Pentecost 19, Common Lectionary Year B

Mark 9:38-50

©Rev. Dr. Elisabeth R. Jones

Audio file of scripture and sermon

Jesus has a small child on his knee.
Ain’t that sweet!
Yes, it could well be if it were Grandpa Rod with Sophie,
but it was more than that.
Jesus looked around for something, someone, to help him make a point;
his point – at this moment in his journey to Jerusalem,
after everything that has come before,
his feeding of multitudes,
his healing of sickness,
his casting out of demons – healing broken relationships, broken families,
his teaching of the “Way,” or the Dream of God,
was to try one more time to teach his disciples,
(that’s us),
that the welcome of God is radical,
it’s as large and diverse as creation itself.
When God created, it was to create a holy community
where the abundance of God is cherished and shared,
where the fullness of existence and blessing belongs to every creature.

So he sees a toddler…
who in his day had no rights, no intrinsic value,….
actually that’s not going to work,
we see children differently,
so let me try to put this into our contemporary context.
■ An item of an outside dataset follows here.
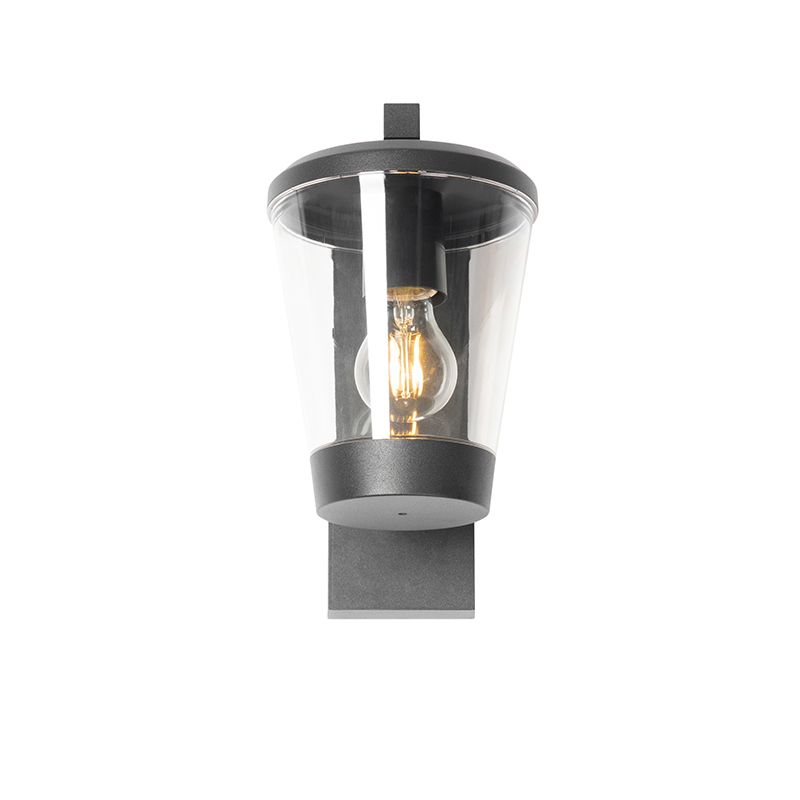 Moderne buiten wandlamp zwart IP44 - Joren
Imagine that instead of a child,
Jesus went and stood next to a Rohingya Muslim refugee,
or a homeless person,
or a drug addict, high on methamphetamines,
a rape victim,
a survivor of residential school system, of clerical abuse,
or, God help me,
or the politician you most hate in all the world (this line is for me).

Jesus stands next to this one, and says,
“ If you want to know what it means,
and what it costs to be ‘great’
at living this Vision Dream of God, this Way of Christ;
you get to welcome this one, and you get to do so in my name.”

Now, I know what face I pulled when I wrote that down.
I know how much I squirmed.
That is not easy!

I wonder if Jesus saw similar incredulity, similar reticence,
similar dismissal, on the face of John, his interrupter,
or those other disciples who know
they’ve put up barriers to inclusion – that healer with the wrong T-shirt,
that foreign woman with the sick daughter….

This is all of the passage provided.